You don't need to pay filet mignon prices to get melt-in-your-mouth tenderness. You just need to know a few tricks.
Step 1: Briskly rub the inside skin of a fresh papaya on both sides of steaks and chops, then cover the meat with the papaya skins and refrigerate for two hours. Papain, an enzyme in unripe papaya, is the main ingredient in many commercial meat tenderizers.
Step 2: Before grilling meat, use an acidic marinade to break down the meat's tough fibers. Vinegar, wine, salad dressing, and citrus juice all qualify. Pour the marinade in a plastic bag or shallow dish – never aluminum, which can affect taste. Add the meat, and let sit in the fridge for an hour. Use enough marinade to cover the meat.
Step 3: Pour red or white wine over roasts and let them sit in the fridge for a couple of hours before cooking.
TIP: Steep a frozen roast in a wine bath as it defrosts in the refrigerator; as it thaws, it will absorb some of the wine. Turn the meat every half hour or so.

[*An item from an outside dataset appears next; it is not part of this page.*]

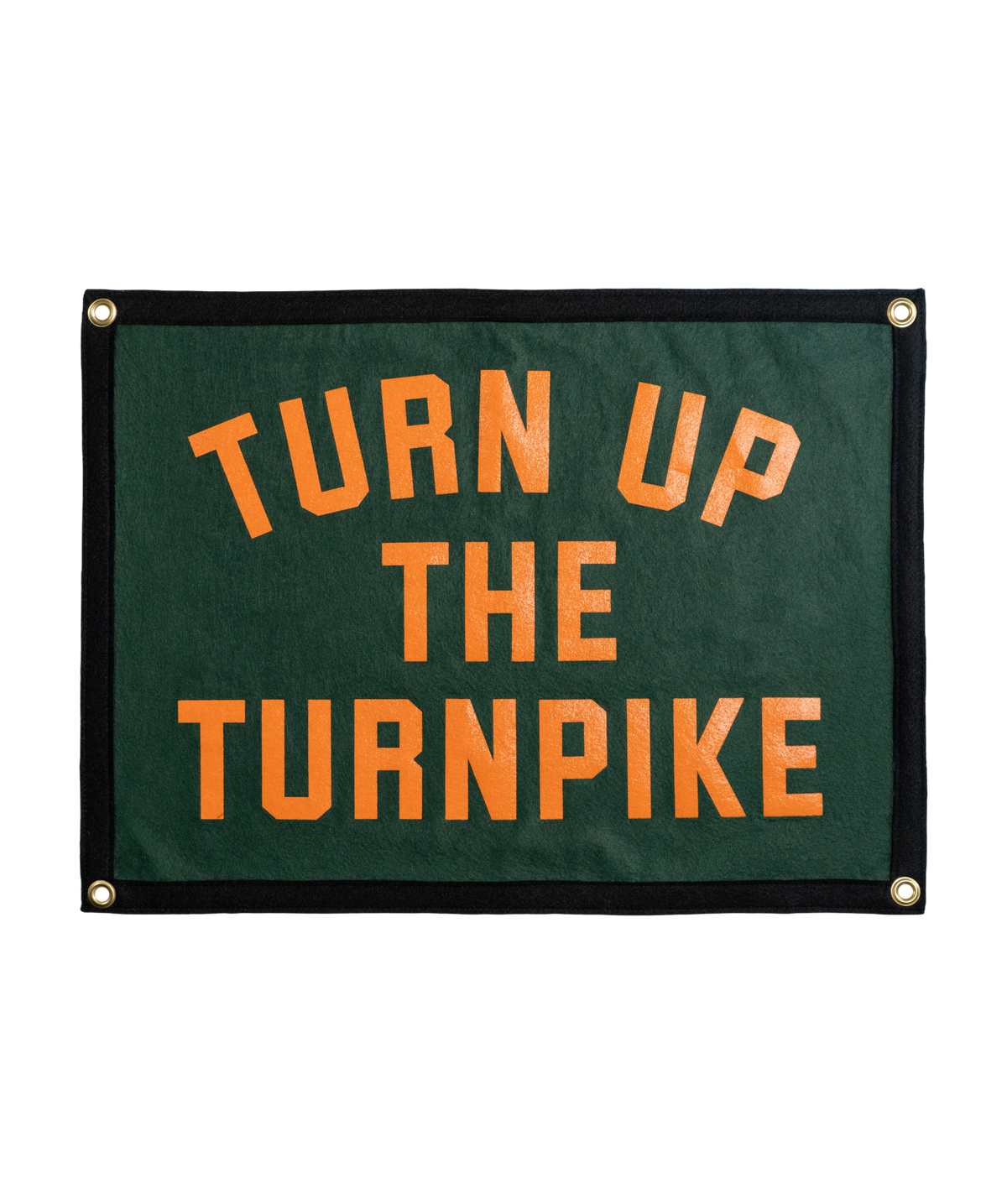 Turn Up The Turnpike Camp Flag • Turnpike Troubadours x Oxford Pennant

Step 4: Soften liver by soaking it in milk for two hours, or in tomato juice for three hours, in the fridge. Pat it dry before cooking.

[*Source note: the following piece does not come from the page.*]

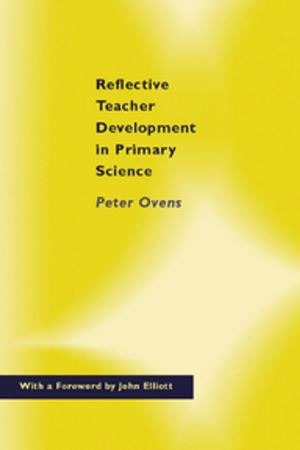Cover of the book Reflective Teacher Development in Primary Science by Martin Daniel Niemetz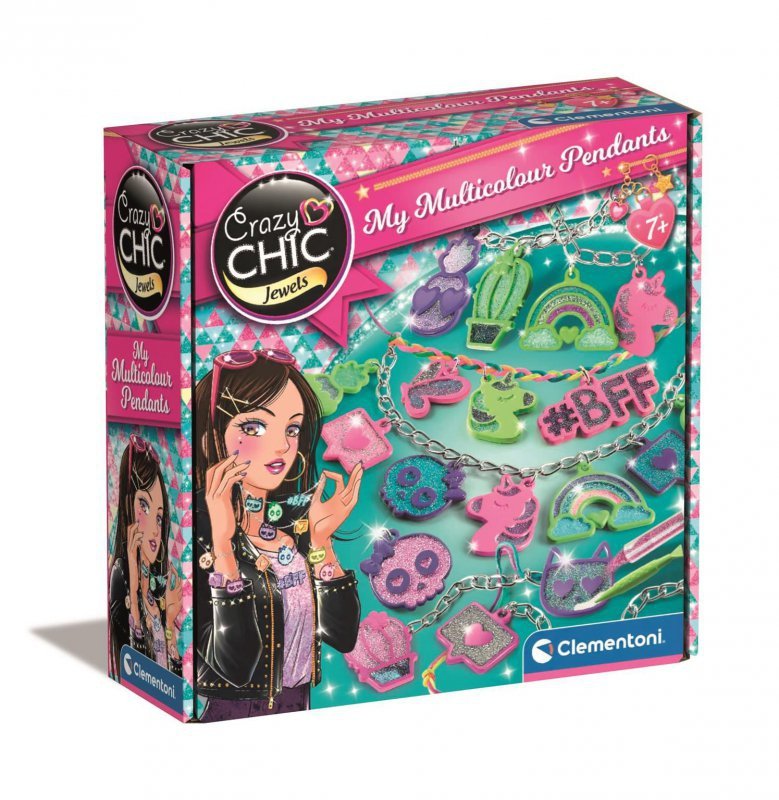 Crazy chic kolorowe charmsy 18770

Step 5: Use a meat mallet to pound less tender cuts of meat, like bottom round, cube, and flank steaks.
Step 6: After roasting it for about 30 minutes, take a ham out of the oven and pour a can of regular cola, not diet, over it. Return it to the oven and finish cooking. Along with tenderizing it, it caramelizes the crust and neutralizes saltiness. You can also use cola to tenderize brisket, skirt steaks, pot roast, and short ribs.

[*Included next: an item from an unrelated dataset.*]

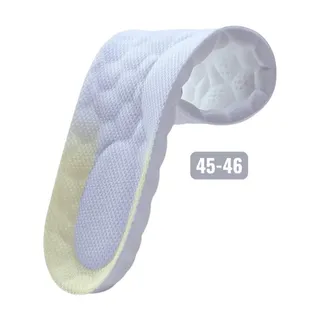 Palmilha Unissex Esportiva Reforçada Cinza Nº 45-46 Conforto Ajustável (Venda Exclusiva)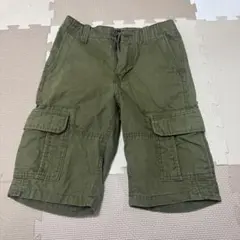 GAP kids ギャップ　150cm ハーフパンツ ウエストゴム調整有り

TIP: Try ginger ale on tough cuts; fresh ginger contains an enzyme that tenderizes meat.
Step 7: Include a tablespoon of vinegar in any stew recipe that uses inexpensive cuts of meat.
Step 8: Cook meat on a low heat over a long period of time in a Crock-Pot or Dutch oven. A slow braise can turn the toughest piece of meat into butter.
FACT: Pork is the most produced meat on the planet.